The Bluestocking, vol XXVII: Cults, Hoaxers and Groupies
Hey all,
Sorry for the break in service last week, I spent Thursday evening writing the script for Week in Westminster instead of catching up on my reading list. This week came something I've been looking forward to for ages - recording a podcast about 18th century women writers with a couple of excellent academics. (The 18th century was the best century, and I will fight anyone who says differently.)
If you are also a historical nerd, I'd welcome any suggestions for topics we should cover in future, and questions we should address. I can EXCLUSIVELY REVEAL we did cover Jonathan Swift's "Lady's Dressing Room" - where a poet sees what women's bedrooms are really like and has a conniption that his flawless love-goddess needs to blow her nose sometimes - and the response to it attributed to Mary Wortley Montagu, where she reframes his complaint as being from a punter who suffered erectile dysfunction and therefore asked for a refund. Frankly, not enough modern poetry features lines such as:
The reverend lover with surprise Peeps in her bubbies and her eyes, And kisses both, and tries--and tries.
On a similar note, I saw Deadpool last week, and loved it. Happy International Women's Day, indeed.
Helen
A Polygamist Cult's Last Stand
In the late Nineties, Jeffs started spending more time in Short Creek. His father had become the prophet in 1986, but a series of strokes had left him mentally incapacitated, and over time, Jeffs became his father's most trusted counselor, and eventually his mouthpiece. At a meeting shortly after his father's death, Jeffs sat near the podium in the FLDS chapel, peering down at the congregation with a large portrait of his father propped up on a chair beside him. He explained that Rulon wasn't dead at all – he'd been "renewed," or reincarnated, and was standing before them. In other words, Jeffs was Rulon, which is why it was perfectly acceptable for him to marry his dad's wives.
Yeah, sounds legit.
The Internet Hoax Buster
Wright, a dark-haired woman with precisely arched eyebrows, has long been drawn to stories of serial killers, serial liars, and cult leaders. (A few years ago, she and her sister pledged to stop bringing up the Jonestown mass suicide on first dates.) She had obsessively followed the twisted stories of several women who had been caught creating elaborate fake personas online in the early days of the internet. There was Kaycee Nicole, a teenager dying of leukaemia who turned out to be a healthy middle-aged woman. And Jesse Jubilee James, a cowboy-fireman-poet with suicidal tendencies and liver cancer, who was actually the creation of a woman in her mid-50s. Now Wright found herself in the heady position of being the detective, uncovering a hoax of her own.
This has everything you want: internet vigilantes, Munchausens by Internet, and a social group afflicted with whale cancer.
How Should We Feel About David Bowie and Lori Maddox?

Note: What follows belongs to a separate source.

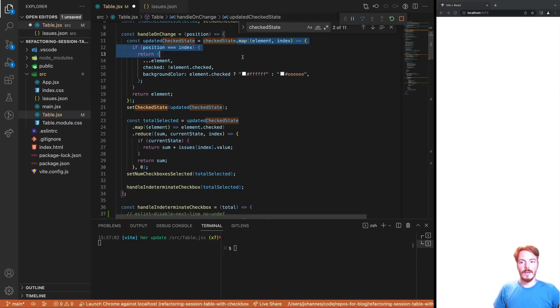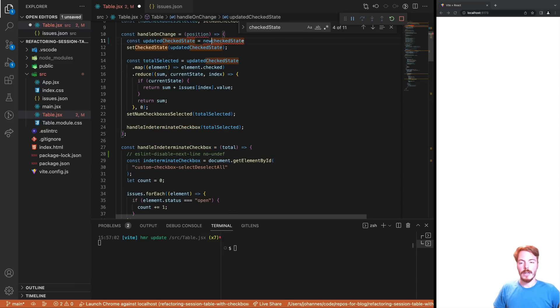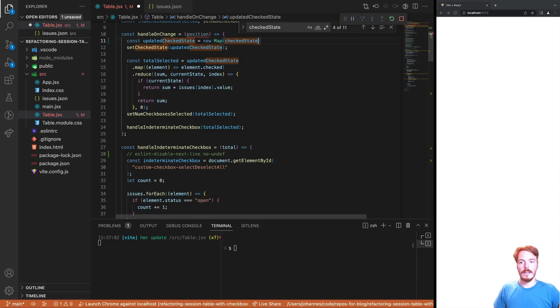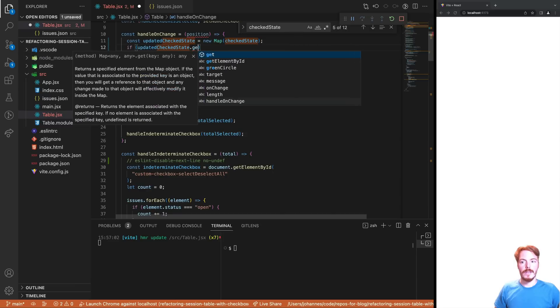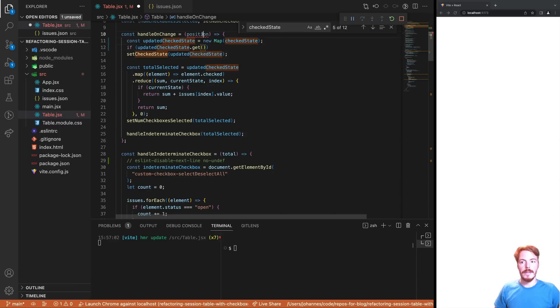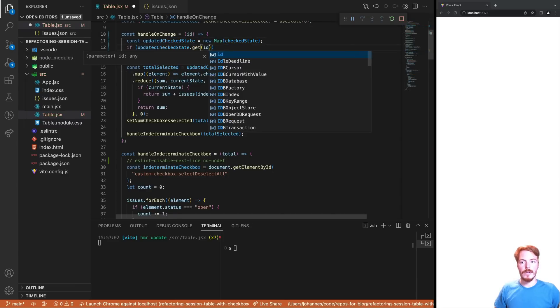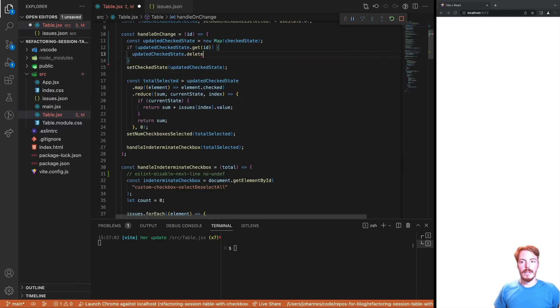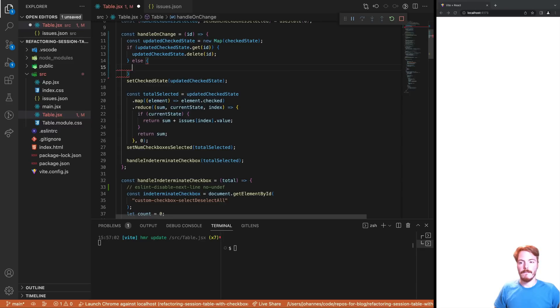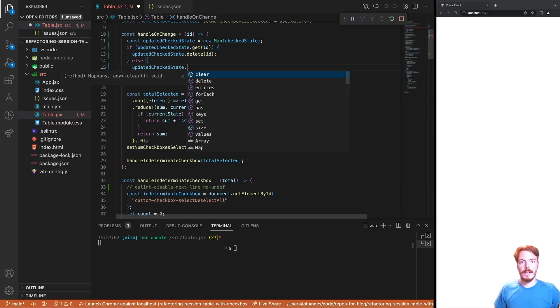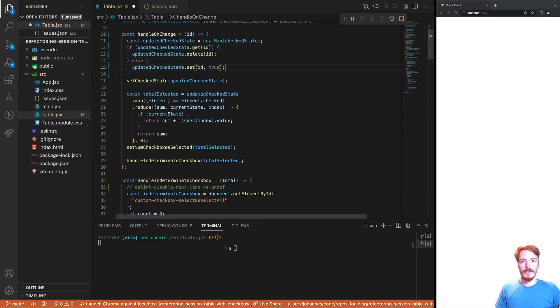Then we need to toggle the checked state of the given item. To do so, we first see if the item is already in the checked state. We can't do that with the index anymore, so we need to use the ID of the item. If the ID is in the checked state already, we simply delete it. Otherwise, we add it. Then we update the state. Since we typically only have a handful of selected items, this code is much more performant. We don't have to clone and iterate over the whole array, but only a small map.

There are no precise enough words or satisfying enough conclusions to fully account for her story, or any like it. It’s easy to see what Bowie represents here: a sexual norm that has always appallingly favored men, and the abuse that stems from and surpasses even that. It is easy to denounce the part Bowie played in this, even with any number of purportedly mitigating factors: the political context, Maddox’s story, the fact that he lived with generosity and openness, the less generous fact that his synapses were perpetually blitzed with cocaine. It is less easy to turn over what Maddox evinces in this narrative, from the late 1970s to her account of it now—which is that women have developed the vastly unfair, nonetheless remarkable, and still essential ability to find pleasure and freedom in a system that oppresses them.
There was just so much to think about in this essay by Jezebel's Jia Tolentino about David Bowie's sexual encounter with a 15-year-old fan in the 1970s: the relationship between the art and the artist; how the "sexual revolution" of the 1960s gave men another way to make women feel guilty for not wanting to have sex with them; how those hag-ridden old "sex negative" Second Wave feminists were shaped by that context. It doesn't offer any easy conclusions, which I like. We can't possibly cleanse the artistic record of anyone who ever did a "problematic" thing, but we should also resist the temptation to airbrush out our heroes' flaws.
On a related note, this piece from the Pool on why adult men like teenage girls really spoke to me. For a certain kind of insecure man, it seems obvious how having a "protegee" is more attractive than dealing with a full-blown adult women with desires and needs of her own. Last year's film The Diary Of A Teenage Girl dealt with this subject too: you start off thinking, "Yeah, at 16 I'd have been pretty flattered if Alexander Skarsgard had been interested in me, too", and end up thinking, "Oh lord. This is a bit tragic." Applying the word "victim" to that kind of relationship seems like it flattens it.
Quick links: All these Women in Business Summits - are they doing any good? Did an 1851 meeting of the Explorers Club really serve mammoth for dinner? Everybody hates Ted (Cruz): interesting experimental article format here. A 2007 New Yorker profile of Garry Kasparov when he had just decided to enter Russian politics (inevitably, he now lives abroad). I have wanted to write this email so many times. An astute piece about getting sucked into a self-promoting tosser's media strategy. How to win an argument on the internet. This Justin Bieber profile makes a good argument for not giving young people money.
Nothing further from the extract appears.